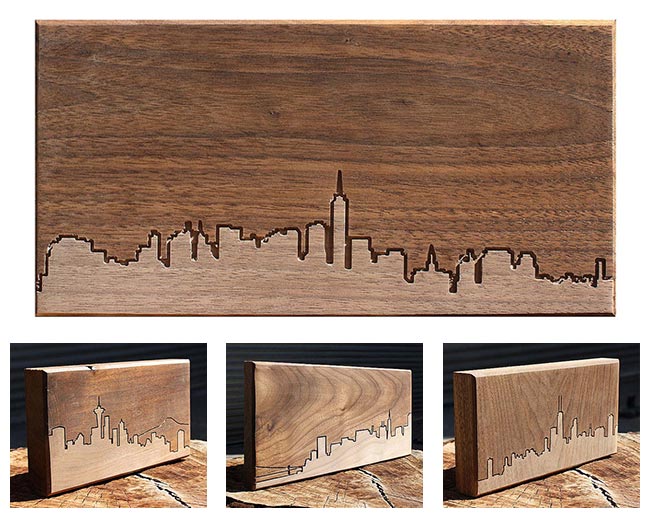 City Skyline Wooden Routings | UncommonGoods
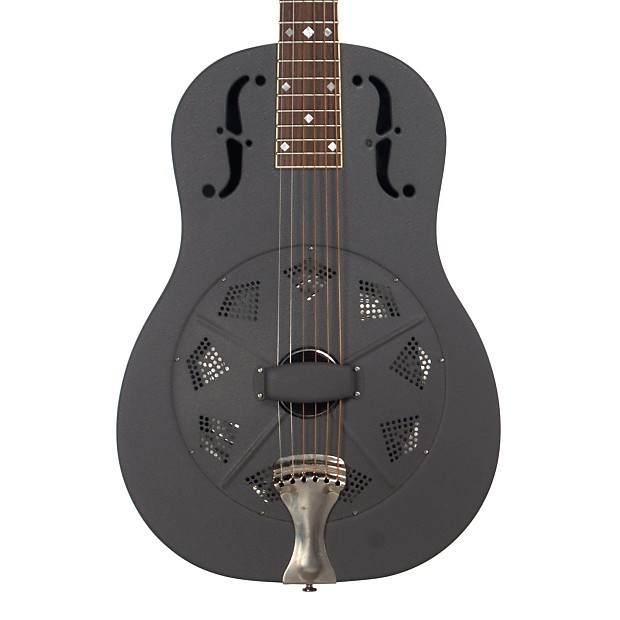 Left handed national guitar top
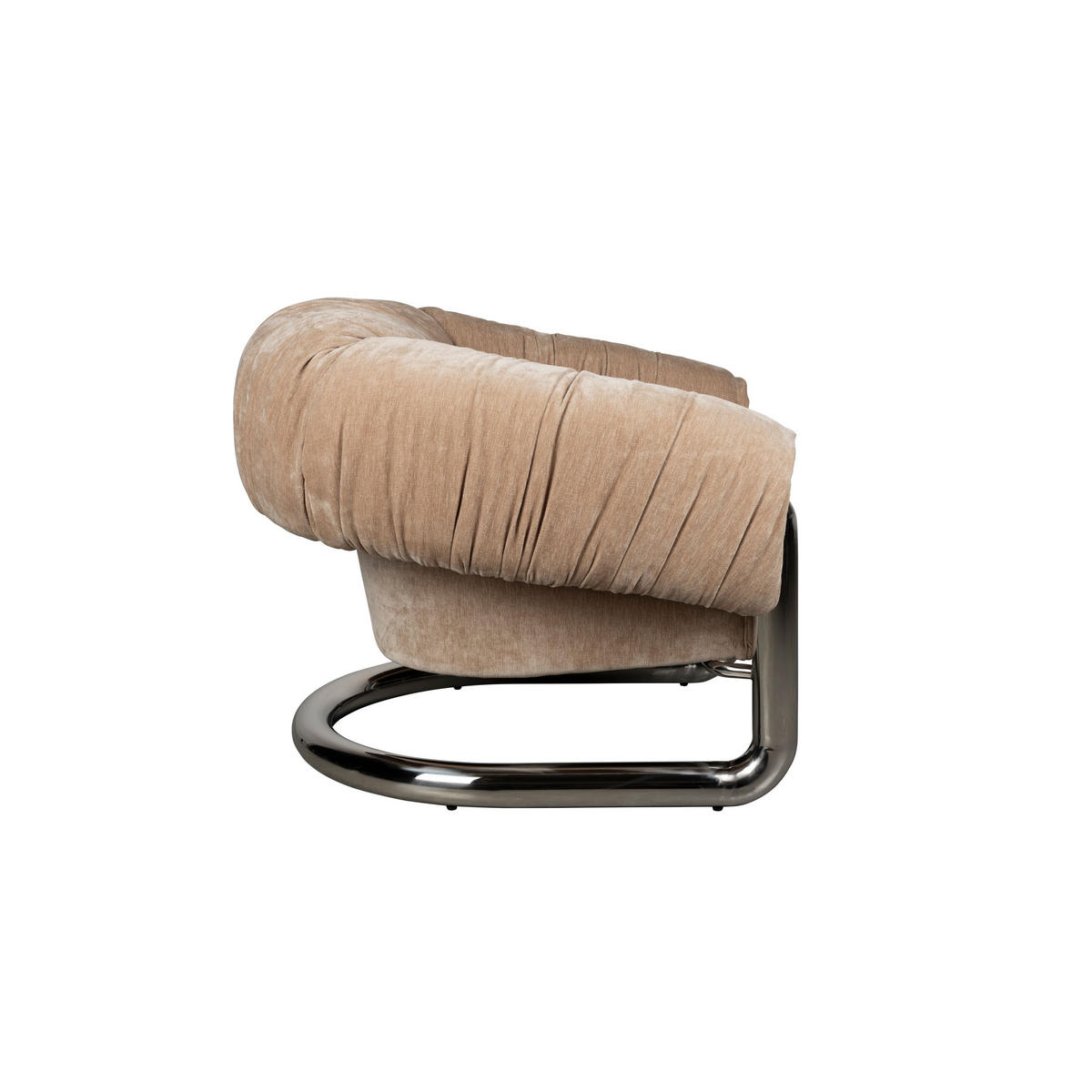 SESSEL Marly Beige - Beige/Silberfarben, Kunststoff (98/79/96cm) - Dutchbone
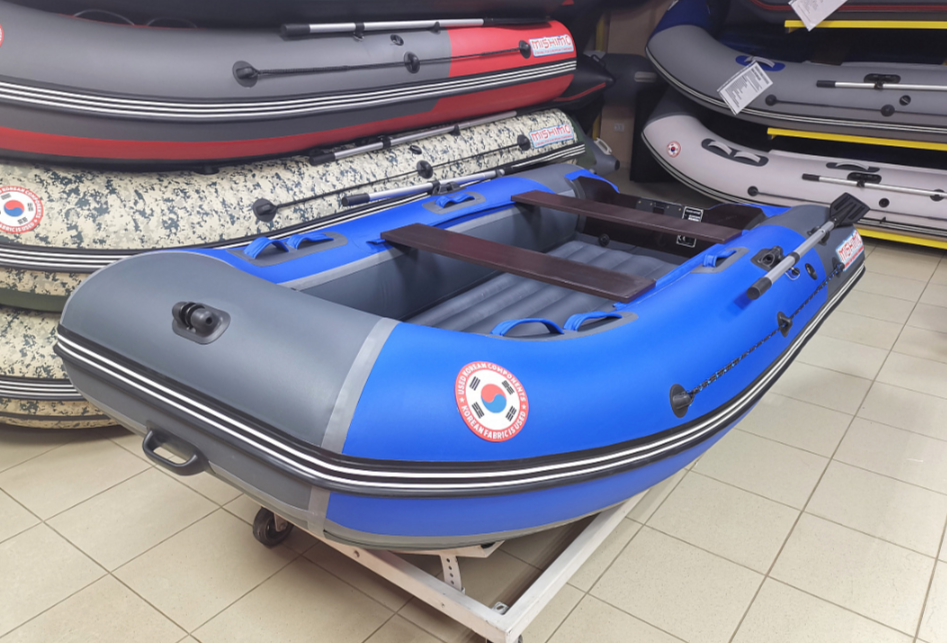 КОМПЛЕКТ Лодка MISHIMO PRO 350 + ЛОДОЧНЫЙ МОТОР MARLIN MP 9.9 (20) AMHS PRO в Балашихе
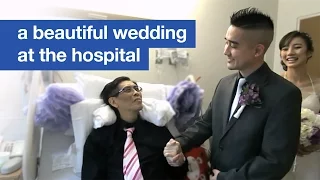 A beautiful wedding at the hospital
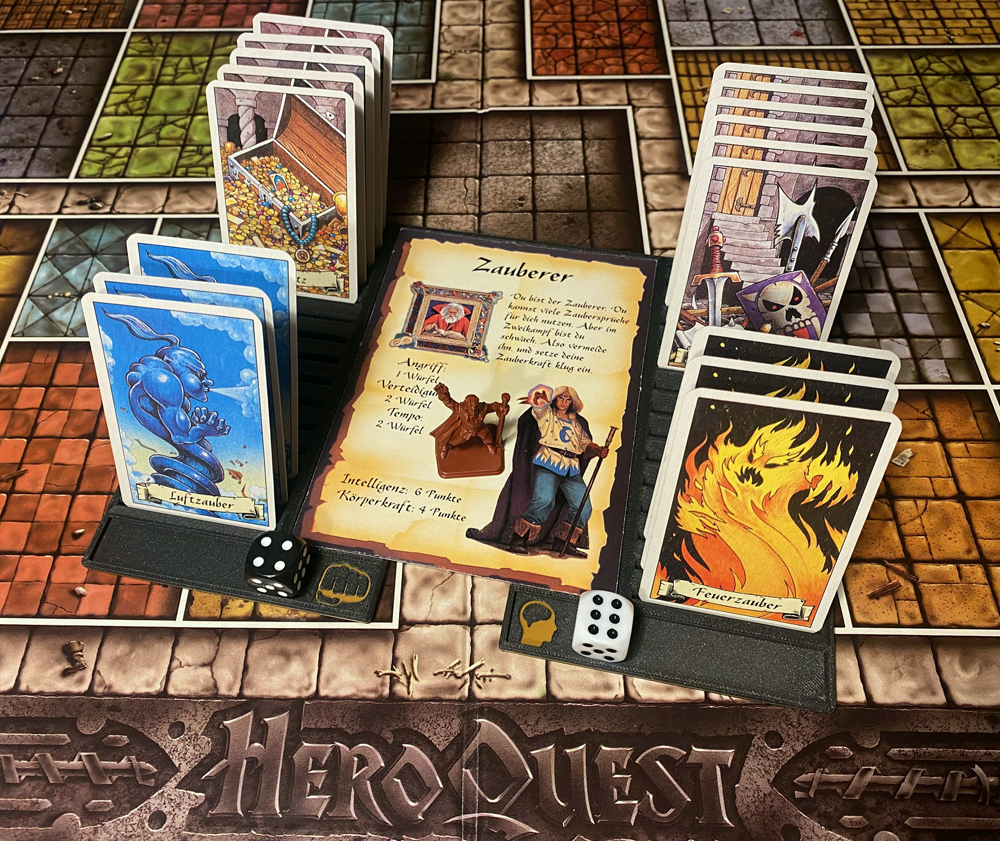HEROQUEST Hero Dashboard (Heroquest Heldenablage)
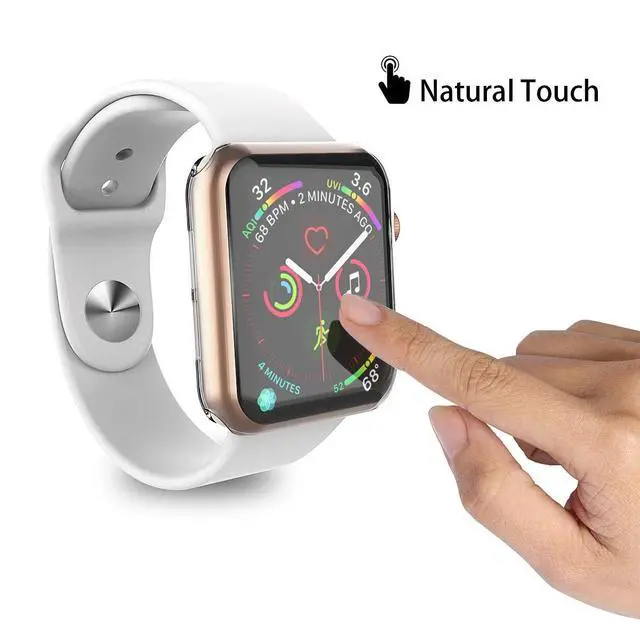 Alt view image 5 of 7 - Soft Screen Protector Case for 40mm Apple Watch SeriesSE3/SE2/SE/6/5/4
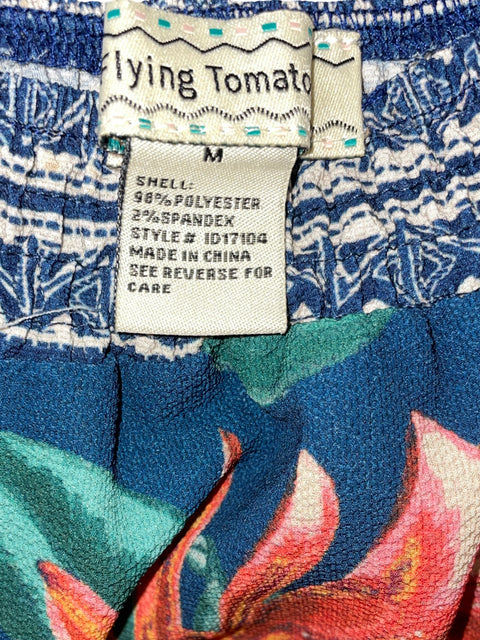 Vestido Flying Tomato Estampado Vuelo Azul- Talla M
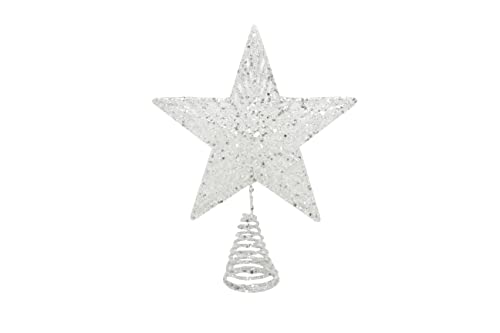 Gisela Graham Christmas Silver Glitter Tree Top Star Topper by Gisela Graham von Gisela Graham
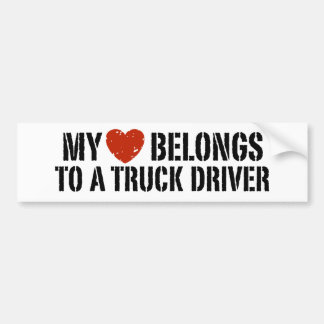 Trucker's Girl Bumper Sticker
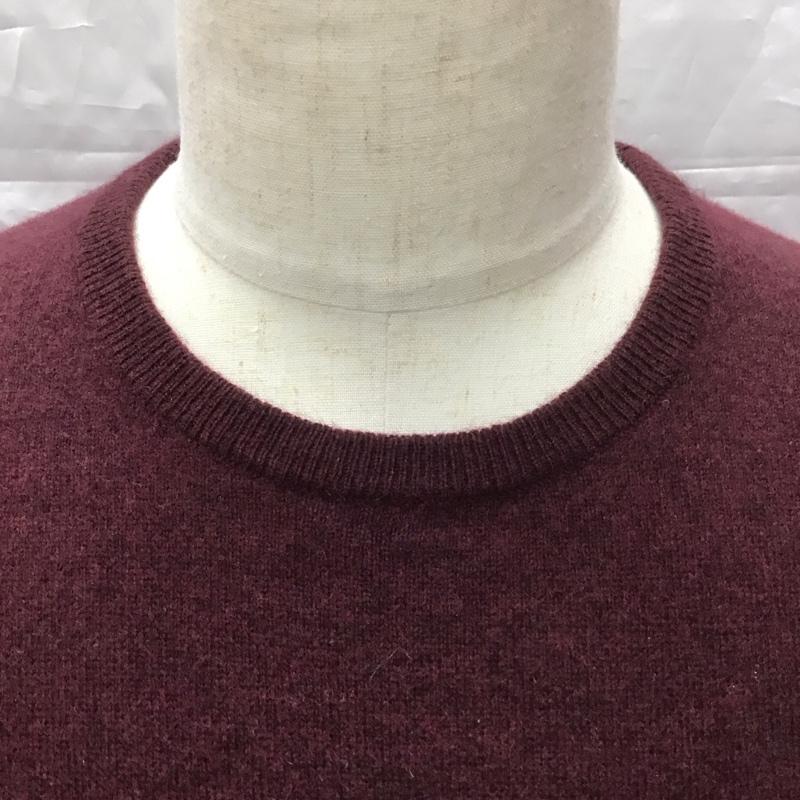 ポロバイラルフローレン Polo by RALPH LAUREN ニット、セーター 長袖 710876714006 クルーネック ウール L ワンポイント えんじ / ワインレッド / メンズ USED 古着 中古 10112395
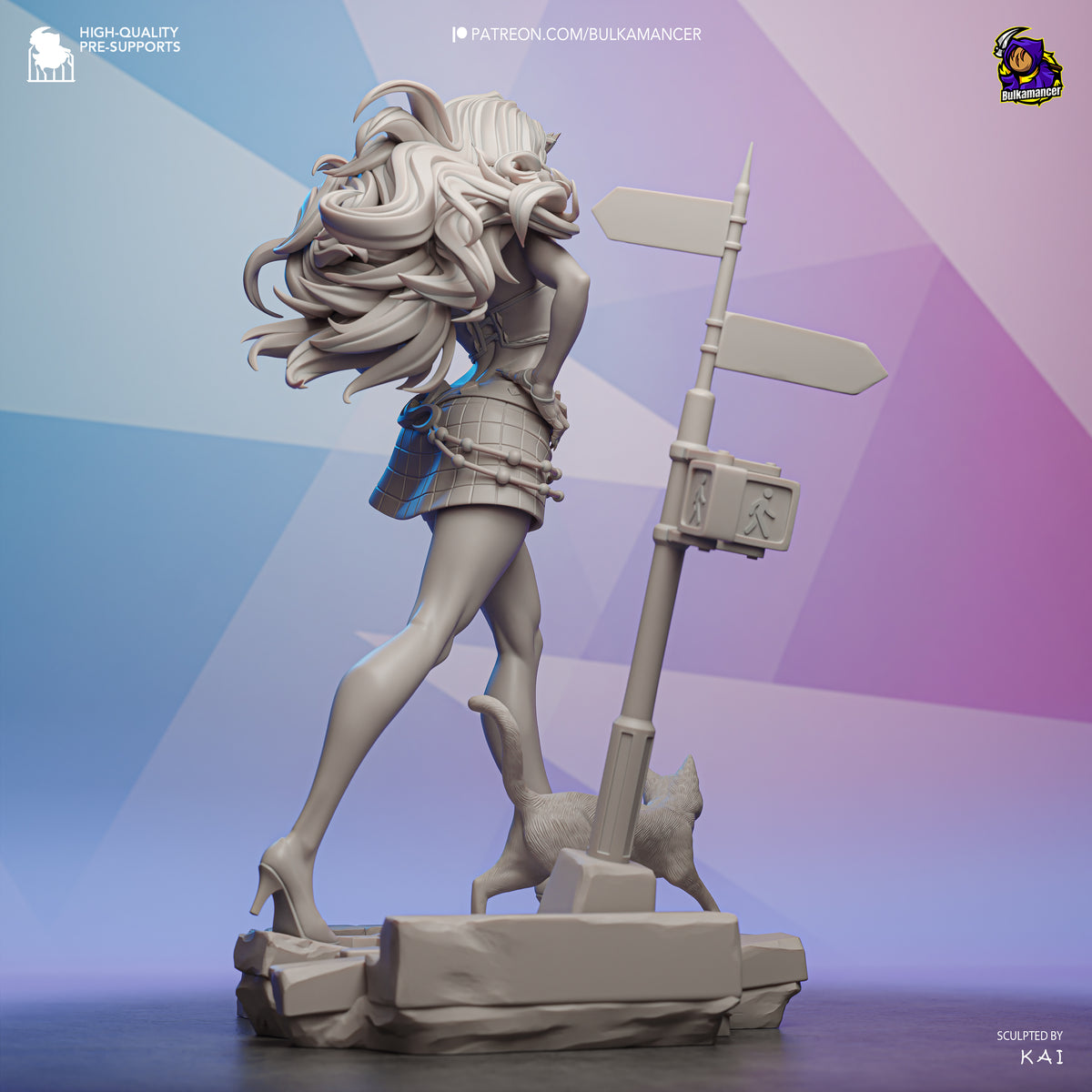 Urban Carnivore | Resin Garage Kit Figure | Bulkamancer Sculpts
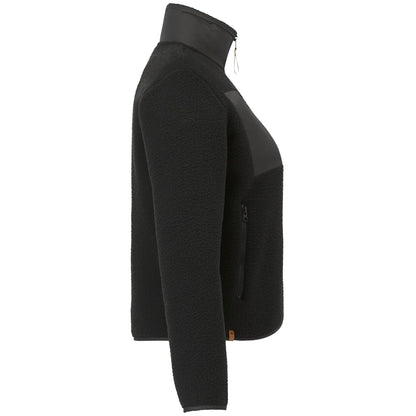 Right View of Black tentree EcoLoft Zip Jacket - Women's plain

Task prompt:
Only the lines from the start of the records to the line with "HEROQUEST Hero Dashboard" belong in the copy. Print them exactly, minus pictures.

Task solution:
 City Skyline Wooden Routings | UncommonGoods
 Left handed national guitar top
 SESSEL Marly Beige - Beige/Silberfarben, Kunststoff (98/79/96cm) - Dutchbone
 КОМПЛЕКТ Лодка MISHIMO PRO 350 + ЛОДОЧНЫЙ МОТОР MARLIN MP 9.9 (20) AMHS PRO в Балашихе
 A beautiful wedding at the hospital
HEROQUEST Hero Dashboard (Heroquest Heldenablage)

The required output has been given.